The surgeon must play a critical role in the early treatment of foot infections: identification and operative drainage of foot infection. Specifically, the surgeon should be available to rapidly evaluate for the signs of infection. Aside from cellulitis or osteomyelitis without associated soft tissue infection, the surgeon should have a low threshold to operate on a patient with a suspected diabetic foot infection. Surgeons from all of the appropriate specialties, including vascular, general, orthopedic, podiatric, and plastic surgeons, should be sufficiently trained to be capable of evaluating and treating deep soft tissue infections.
It has been recognized since at least 1931 that foot infections usually track along longitudinally oriented soft tissue structures (including tendon sheaths, the plantar aponeurosis, and fascial planes separating the compartments of the foot); therefore transectioning the forefoot transversely to treat infection using partial foot amputations is not be the most effective means of draining these longitudinally oriented infections. Rather, amputation should initially be limited to only obvious areas of irreversible necrosis. Probing with a metal instrument and incising along the identified sinus tract will help to establish drainage of abscess tracts. Drains can be placed through these tracts and eventually be used to facilitate opening them along their entire length ( Fig. 62.1 ).

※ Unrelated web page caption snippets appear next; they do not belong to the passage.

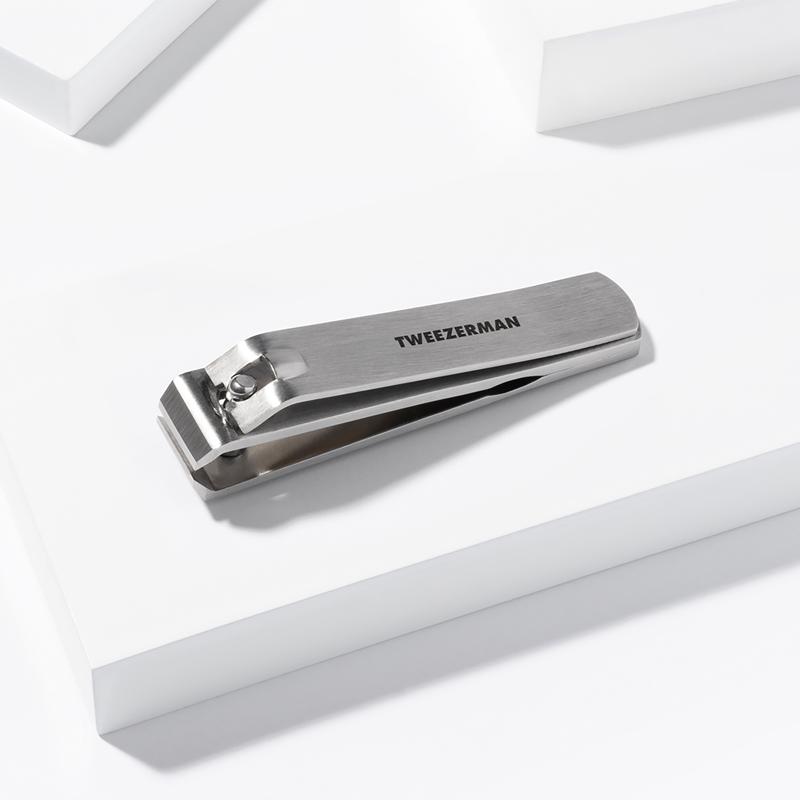 Tweezerman Tweezerman Extra Strength Toenail Clipper pinzette per unghie Trasporto libero internazionale
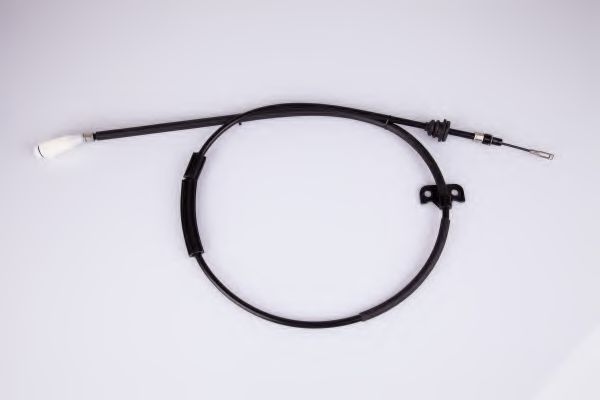 HELLA 8AS 355 668-321 Трос, стояночная тормозная система для VOLVO (Вольво) HELLA 8AS 355 668-321 Трос, стояночная тормозная система для VOLVO (Вольво)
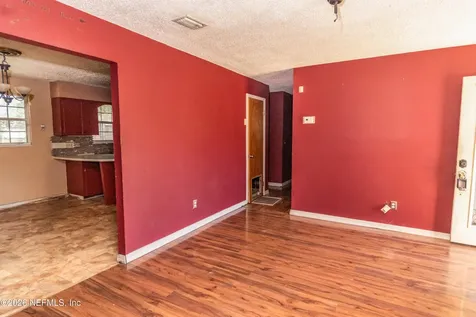 521 Quail Lane Macclenny FL 32063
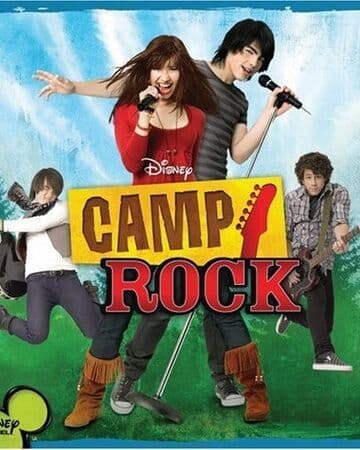 Canción Who Will I Be - From "Camp Rock"/Soundtrack Version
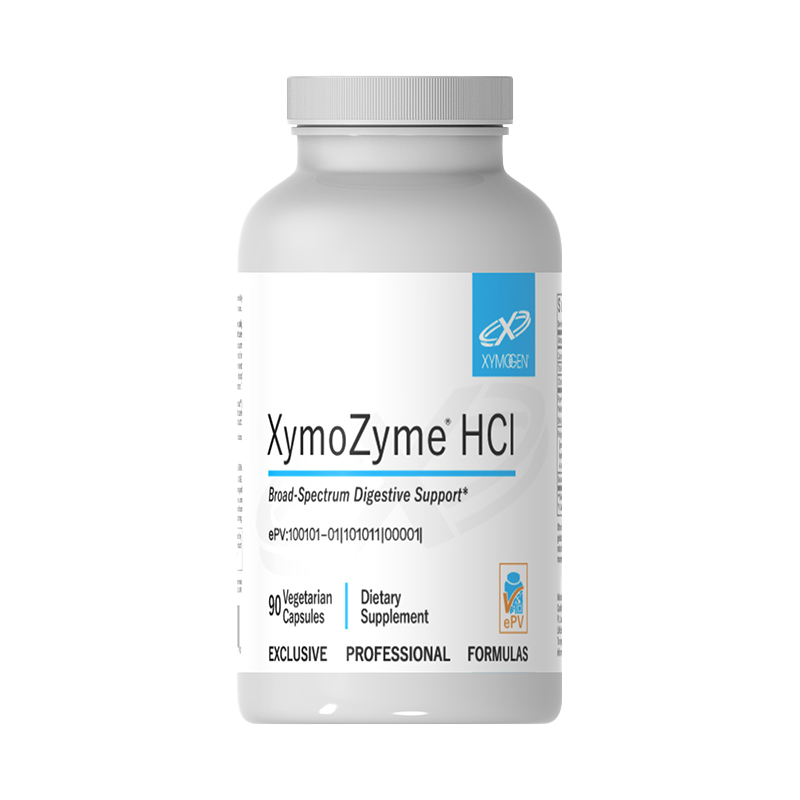 XYMOGEN盐酸甜菜碱胃蛋白酶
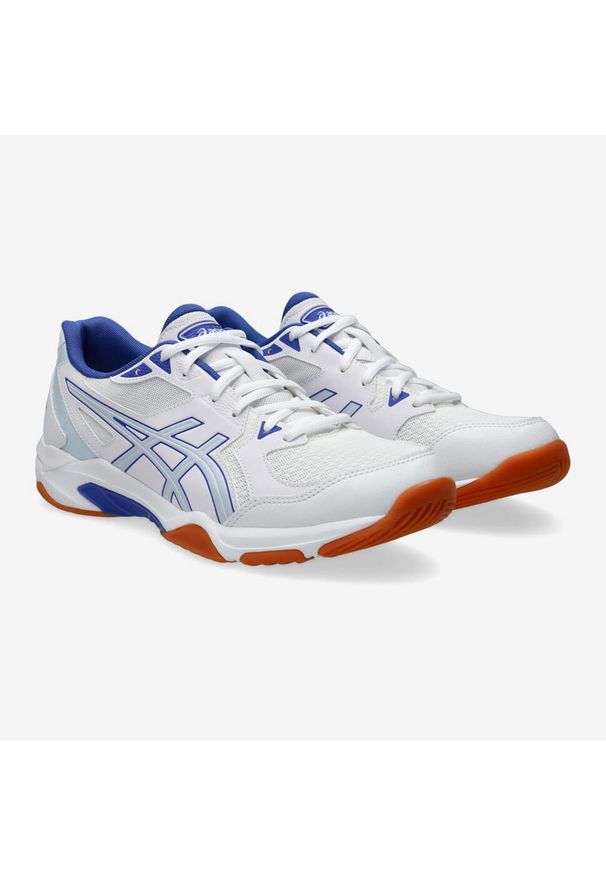 Asics - Buty do siatkówki unisex ASICS Gel Spike. Sport: siatkówka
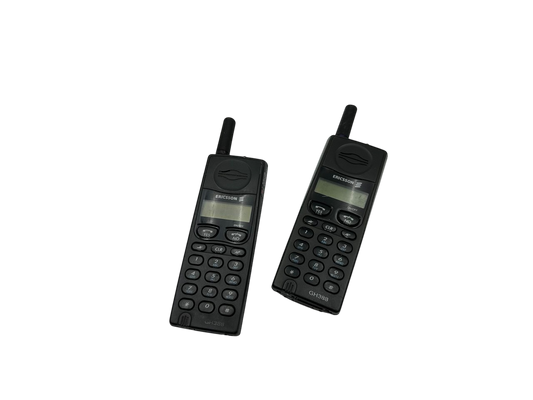 Mobile phone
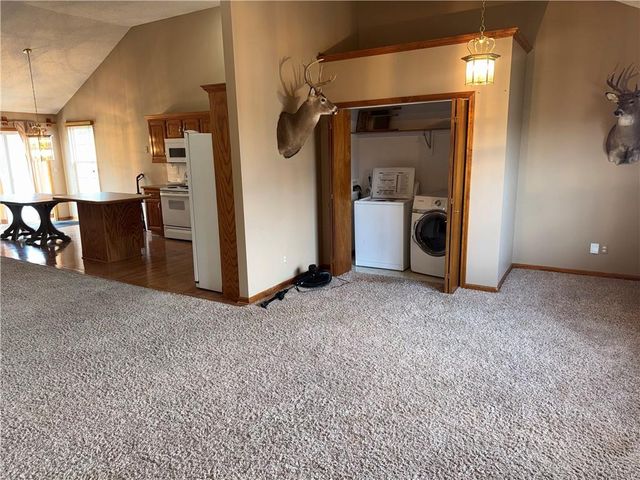 716 SW Brome Drive, Grain Valley, MO 64029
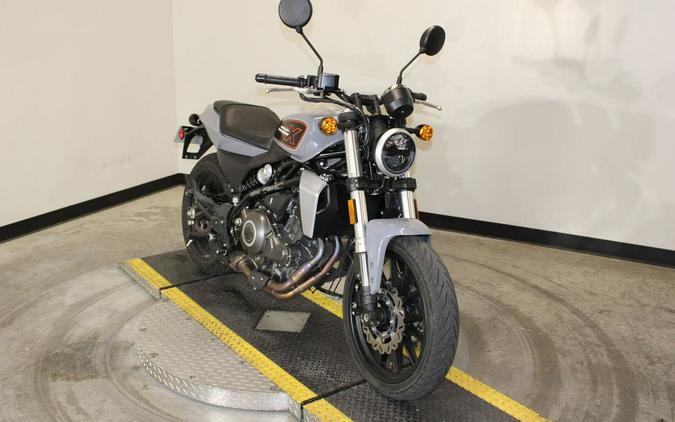 2023 Harley-Davidson® LWZX350RA
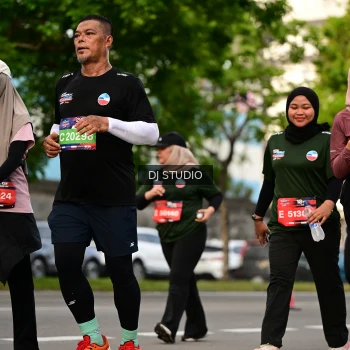 Runner Photo 4040681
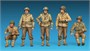 35308  фигуры  U.S. JEEP CREW & MPs. SPECIAL EDITION  (1:35) 4820183313546
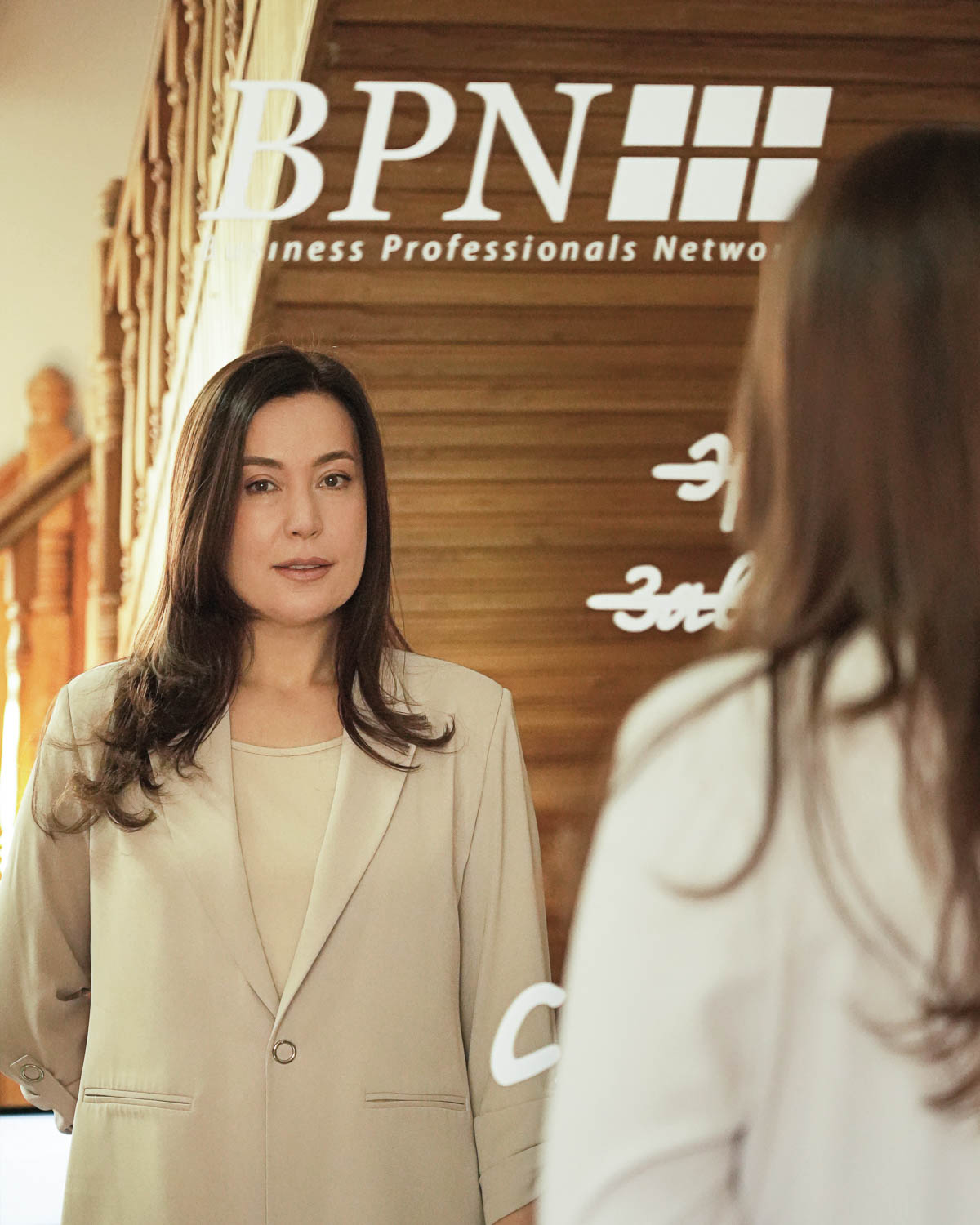 Ladies Drive Magazine No. 73. Jana Kemibaeva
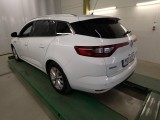  Renault  Megane M�gane ST dCi 110 Zen Aut. #4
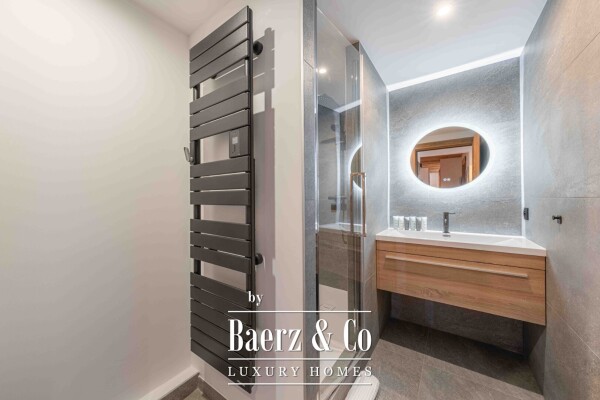 photo 12 Apartment of 75.98 m2 - Mont d'Arbois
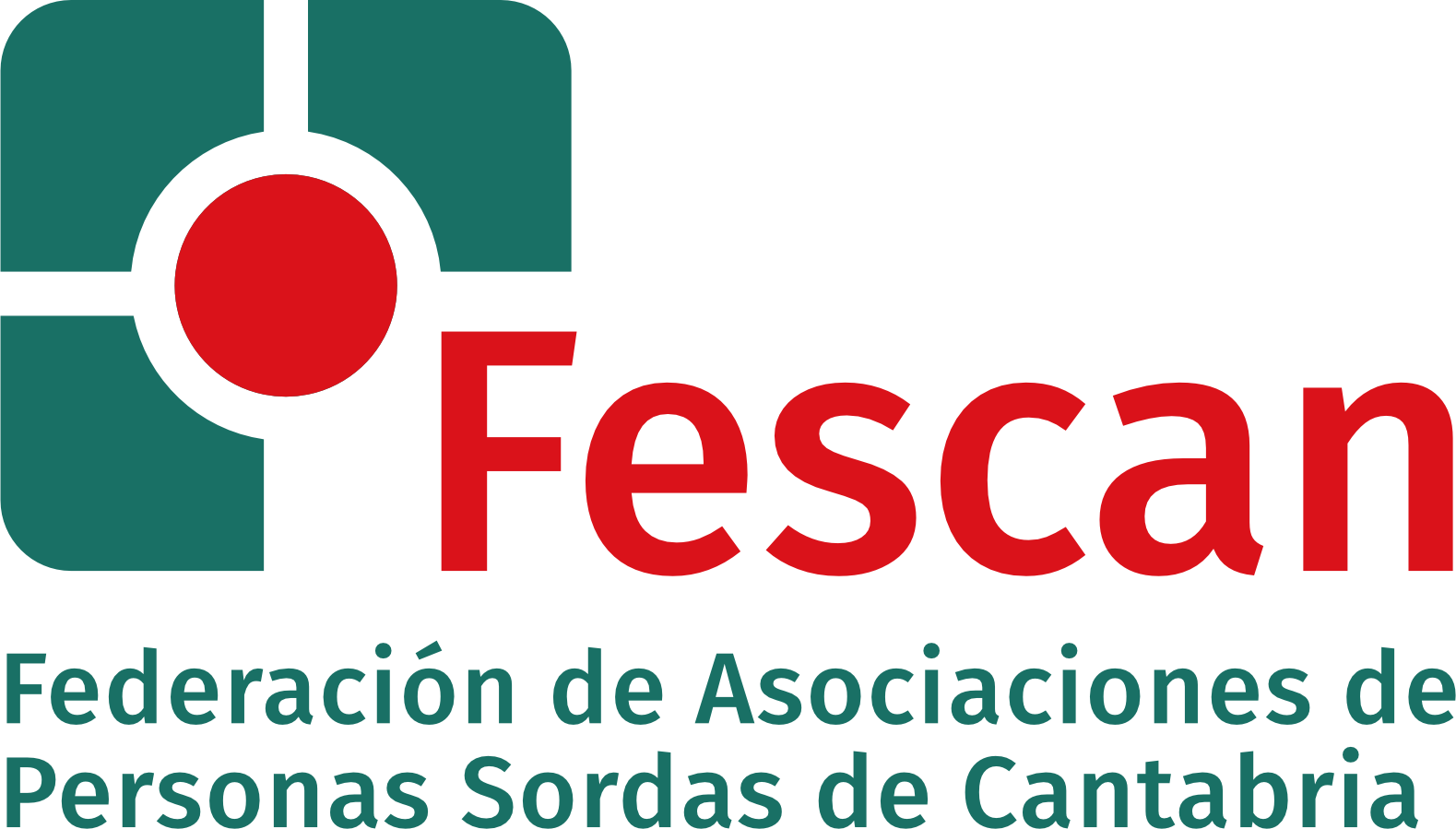 Logo Oficial FESCAN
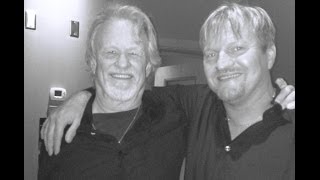 Hallur and Kris Kristofferson  Nobody wins [upl. by Cherey]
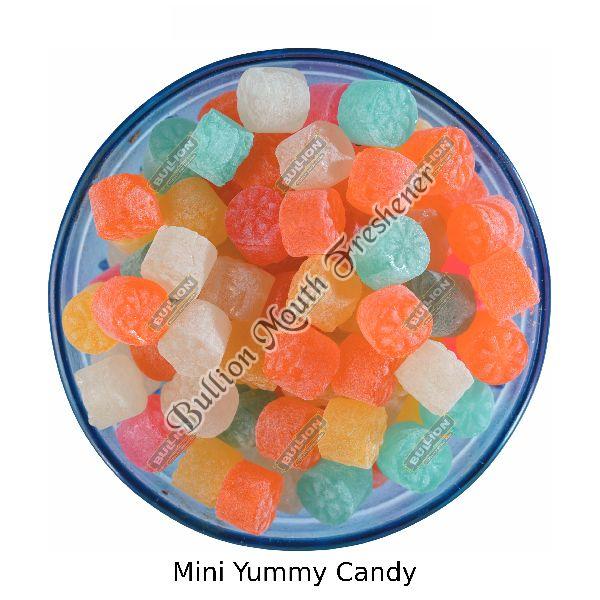 Bullion Mini Yummy Candy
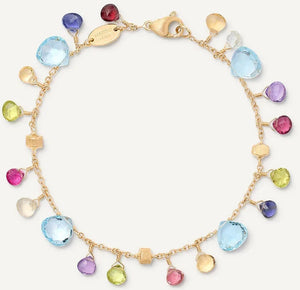 MARCO BICEGO Paradise BB2584_MIX01T_Y_02 Gemstone Bracelet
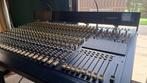 Behringer Eurodesk MX8000A+voeding meeneemprijs, Muziek en Instrumenten, Mengpanelen, Ophalen, Gebruikt, 20 kanalen of meer, Microfooningang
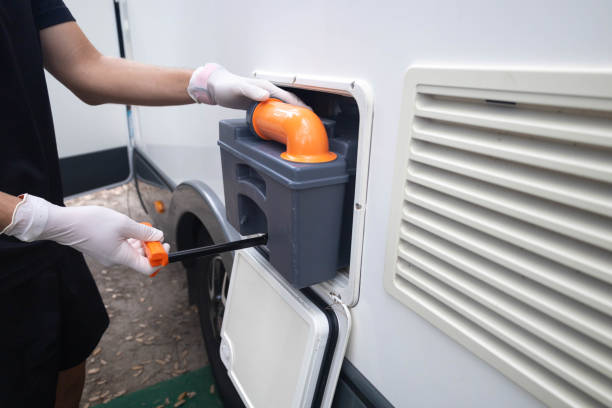 Best Portable bathroom rental  in Kaneohe, HI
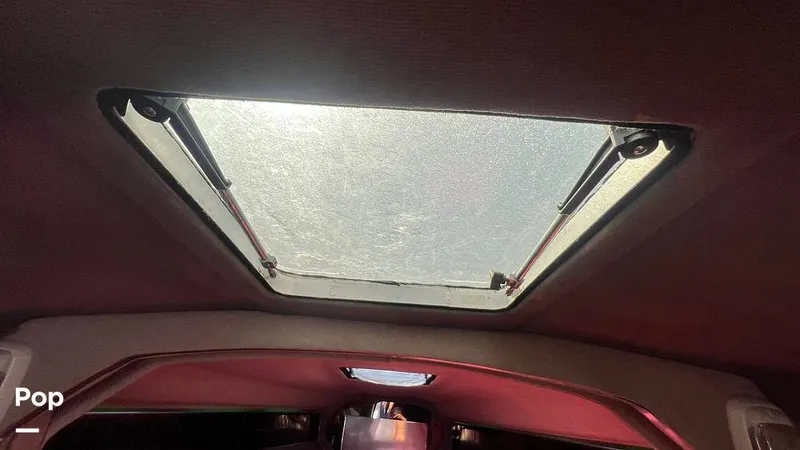 Slide: The Image of Sea Ray Pachanga 32 1987 - 15243800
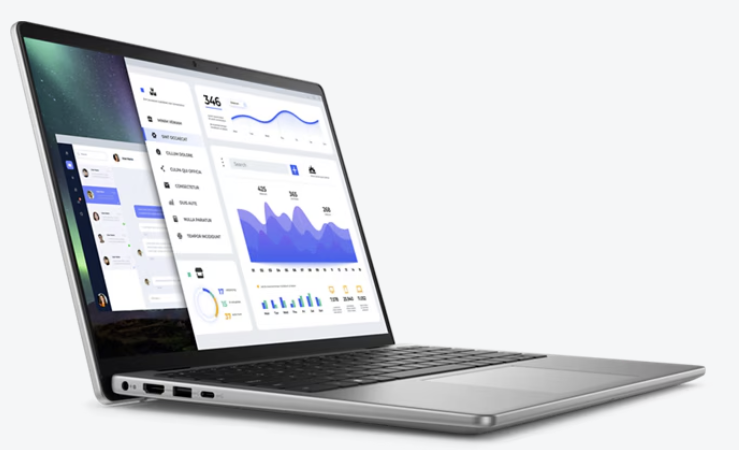 מחשב נייד Dell Vostro 3440 14'' i5-1334U/16G/512G/DOS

Deep soft tissue infection must be drained aggressively. Even with an initial aggressive approach, the need for reoperation at 24 to 72 hours is frequent and should not be viewed as signaling a poor prognosis. When performed comprehensively, operative drainage is very effective at controlling a septic diabetic foot. Severity of infection should only be the indication for a major amputation in rare situations. In addition to operative drainage of any suppurative infection, broad-spectrum antibiotics should be initiated and continued until culture results are obtained from surgery. They can help to tailor an isolate-specific antibiotic regimen. All organisms identified from a deep operative culture (including Staphylococcus epidermidis and other organisms not typically considered pathogenic) should be covered by this therapeutic antibiotic regimen. Societal guidelines have recommended up to 1 to 2 weeks of antibiotics for soft tissue infections or osteomyelitis that has been resected to a negative margin, 6 weeks for osteomyelitis with grossly normal but histologically positive margins, and more than 3 months for osteomyelitis treated nonsurgically or with residual dead or grossly infected bone.
The surgical drainage of deep soft tissue infection should not be postponed by studies to assess arterial blood flow. Such evaluations should generally be done after drainage, although it may be reasonable to combine surgical drainage for focal and more limited infections and angiography with possible endovascular intervention in centers with the available resources and expertise to offer this approach.